- [How to complete this task] Lines to restate from the data below: from the one containing "Bug Jr (8PK)" to the one containing "3-к квартира, на", both included. Give them again exactly, and only them.

- [Records provided]
┌──

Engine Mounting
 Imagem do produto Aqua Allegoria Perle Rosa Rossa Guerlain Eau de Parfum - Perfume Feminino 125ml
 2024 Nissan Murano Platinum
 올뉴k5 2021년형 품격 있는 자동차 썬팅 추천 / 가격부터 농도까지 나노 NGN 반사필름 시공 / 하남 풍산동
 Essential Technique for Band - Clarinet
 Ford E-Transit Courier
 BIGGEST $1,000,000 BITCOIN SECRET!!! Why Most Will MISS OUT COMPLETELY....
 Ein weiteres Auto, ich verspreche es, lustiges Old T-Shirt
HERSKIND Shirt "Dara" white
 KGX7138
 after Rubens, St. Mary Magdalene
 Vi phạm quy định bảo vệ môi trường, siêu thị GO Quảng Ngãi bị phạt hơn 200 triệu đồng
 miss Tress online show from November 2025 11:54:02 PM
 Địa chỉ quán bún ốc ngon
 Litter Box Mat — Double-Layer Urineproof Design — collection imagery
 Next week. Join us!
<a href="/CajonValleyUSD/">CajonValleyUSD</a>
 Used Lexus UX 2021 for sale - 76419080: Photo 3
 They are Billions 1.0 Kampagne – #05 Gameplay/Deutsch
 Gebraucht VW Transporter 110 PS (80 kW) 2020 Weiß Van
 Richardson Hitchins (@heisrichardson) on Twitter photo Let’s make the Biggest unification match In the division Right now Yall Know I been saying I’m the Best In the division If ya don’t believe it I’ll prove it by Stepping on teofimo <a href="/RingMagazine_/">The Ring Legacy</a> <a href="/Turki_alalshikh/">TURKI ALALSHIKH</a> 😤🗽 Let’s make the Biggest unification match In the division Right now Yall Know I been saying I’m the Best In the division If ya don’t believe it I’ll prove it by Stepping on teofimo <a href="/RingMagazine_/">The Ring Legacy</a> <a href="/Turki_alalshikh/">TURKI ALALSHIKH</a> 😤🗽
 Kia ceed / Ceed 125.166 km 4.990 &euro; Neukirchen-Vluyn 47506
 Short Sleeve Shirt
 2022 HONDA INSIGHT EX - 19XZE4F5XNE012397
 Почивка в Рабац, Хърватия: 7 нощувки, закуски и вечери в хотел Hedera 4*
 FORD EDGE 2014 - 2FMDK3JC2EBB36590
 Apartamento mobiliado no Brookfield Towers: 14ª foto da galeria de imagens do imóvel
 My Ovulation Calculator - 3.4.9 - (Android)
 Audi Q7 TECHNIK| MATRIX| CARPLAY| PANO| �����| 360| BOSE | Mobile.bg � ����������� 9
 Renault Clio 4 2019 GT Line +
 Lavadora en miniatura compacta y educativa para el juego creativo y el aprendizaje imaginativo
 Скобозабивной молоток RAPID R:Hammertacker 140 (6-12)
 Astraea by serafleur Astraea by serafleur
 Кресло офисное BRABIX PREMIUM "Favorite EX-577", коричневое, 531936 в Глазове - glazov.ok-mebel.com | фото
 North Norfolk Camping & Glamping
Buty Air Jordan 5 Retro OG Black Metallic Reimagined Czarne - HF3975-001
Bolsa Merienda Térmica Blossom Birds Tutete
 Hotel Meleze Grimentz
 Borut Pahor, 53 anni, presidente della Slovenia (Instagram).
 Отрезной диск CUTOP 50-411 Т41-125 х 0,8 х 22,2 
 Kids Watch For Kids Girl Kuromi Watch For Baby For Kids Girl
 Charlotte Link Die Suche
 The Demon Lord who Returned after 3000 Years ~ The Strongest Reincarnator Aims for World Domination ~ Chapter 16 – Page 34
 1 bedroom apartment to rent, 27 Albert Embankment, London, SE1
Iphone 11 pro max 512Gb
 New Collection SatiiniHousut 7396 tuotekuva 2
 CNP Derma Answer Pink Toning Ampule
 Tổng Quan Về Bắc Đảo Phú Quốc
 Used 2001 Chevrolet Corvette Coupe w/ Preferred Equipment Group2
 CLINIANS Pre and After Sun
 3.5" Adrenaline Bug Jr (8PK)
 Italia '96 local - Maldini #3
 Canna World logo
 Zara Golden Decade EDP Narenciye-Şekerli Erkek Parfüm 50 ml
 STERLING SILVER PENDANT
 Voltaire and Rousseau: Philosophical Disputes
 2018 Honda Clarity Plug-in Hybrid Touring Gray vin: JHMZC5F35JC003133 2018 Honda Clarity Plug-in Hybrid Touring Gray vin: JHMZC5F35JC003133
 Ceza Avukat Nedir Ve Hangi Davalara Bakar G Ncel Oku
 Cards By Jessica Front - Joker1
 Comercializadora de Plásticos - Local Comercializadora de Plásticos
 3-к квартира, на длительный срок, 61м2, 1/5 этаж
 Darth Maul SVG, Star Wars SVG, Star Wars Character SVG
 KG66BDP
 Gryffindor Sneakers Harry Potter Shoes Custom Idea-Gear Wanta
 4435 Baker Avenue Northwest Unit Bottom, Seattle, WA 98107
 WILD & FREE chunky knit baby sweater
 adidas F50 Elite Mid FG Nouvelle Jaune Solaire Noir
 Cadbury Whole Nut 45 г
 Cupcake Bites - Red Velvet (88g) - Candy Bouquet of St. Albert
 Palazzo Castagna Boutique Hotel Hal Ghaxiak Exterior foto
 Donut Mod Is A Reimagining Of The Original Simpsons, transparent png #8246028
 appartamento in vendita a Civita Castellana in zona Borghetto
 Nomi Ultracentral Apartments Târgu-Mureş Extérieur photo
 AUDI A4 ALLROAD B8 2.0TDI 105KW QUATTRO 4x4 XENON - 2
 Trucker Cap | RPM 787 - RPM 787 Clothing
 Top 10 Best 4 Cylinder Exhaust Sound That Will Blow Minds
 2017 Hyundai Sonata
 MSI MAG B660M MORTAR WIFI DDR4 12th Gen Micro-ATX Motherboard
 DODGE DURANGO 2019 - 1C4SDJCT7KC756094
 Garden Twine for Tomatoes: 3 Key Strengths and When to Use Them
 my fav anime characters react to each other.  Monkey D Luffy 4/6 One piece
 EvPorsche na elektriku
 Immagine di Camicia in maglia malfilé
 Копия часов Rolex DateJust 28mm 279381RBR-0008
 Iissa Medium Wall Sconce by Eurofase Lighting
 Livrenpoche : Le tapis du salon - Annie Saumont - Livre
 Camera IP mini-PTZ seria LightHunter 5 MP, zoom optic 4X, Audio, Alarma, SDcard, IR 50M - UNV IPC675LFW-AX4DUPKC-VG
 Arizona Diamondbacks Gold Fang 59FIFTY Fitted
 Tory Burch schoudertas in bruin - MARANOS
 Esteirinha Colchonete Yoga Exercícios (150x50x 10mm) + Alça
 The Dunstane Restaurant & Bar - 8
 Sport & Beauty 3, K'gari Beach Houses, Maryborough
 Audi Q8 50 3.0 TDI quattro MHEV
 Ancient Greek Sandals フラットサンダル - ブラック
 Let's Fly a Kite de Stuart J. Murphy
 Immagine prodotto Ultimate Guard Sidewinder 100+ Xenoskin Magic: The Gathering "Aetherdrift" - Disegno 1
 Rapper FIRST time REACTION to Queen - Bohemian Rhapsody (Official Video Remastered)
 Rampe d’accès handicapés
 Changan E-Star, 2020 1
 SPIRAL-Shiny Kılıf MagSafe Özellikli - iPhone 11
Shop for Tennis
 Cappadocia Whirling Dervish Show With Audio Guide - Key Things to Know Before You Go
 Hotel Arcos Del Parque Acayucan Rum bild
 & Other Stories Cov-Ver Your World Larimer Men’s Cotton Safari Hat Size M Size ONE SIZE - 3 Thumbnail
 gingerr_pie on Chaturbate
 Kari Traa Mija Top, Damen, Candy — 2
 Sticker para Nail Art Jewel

└──

- [The completed task]
 3.5" Adrenaline Bug Jr (8PK)
 Italia '96 local - Maldini #3
 Canna World logo
 Zara Golden Decade EDP Narenciye-Şekerli Erkek Parfüm 50 ml
 STERLING SILVER PENDANT
 Voltaire and Rousseau: Philosophical Disputes
 2018 Honda Clarity Plug-in Hybrid Touring Gray vin: JHMZC5F35JC003133 2018 Honda Clarity Plug-in Hybrid Touring Gray vin: JHMZC5F35JC003133
 Ceza Avukat Nedir Ve Hangi Davalara Bakar G Ncel Oku
 Cards By Jessica Front - Joker1
 Comercializadora de Plásticos - Local Comercializadora de Plásticos
 3-к квартира, на длительный срок, 61м2, 1/5 этаж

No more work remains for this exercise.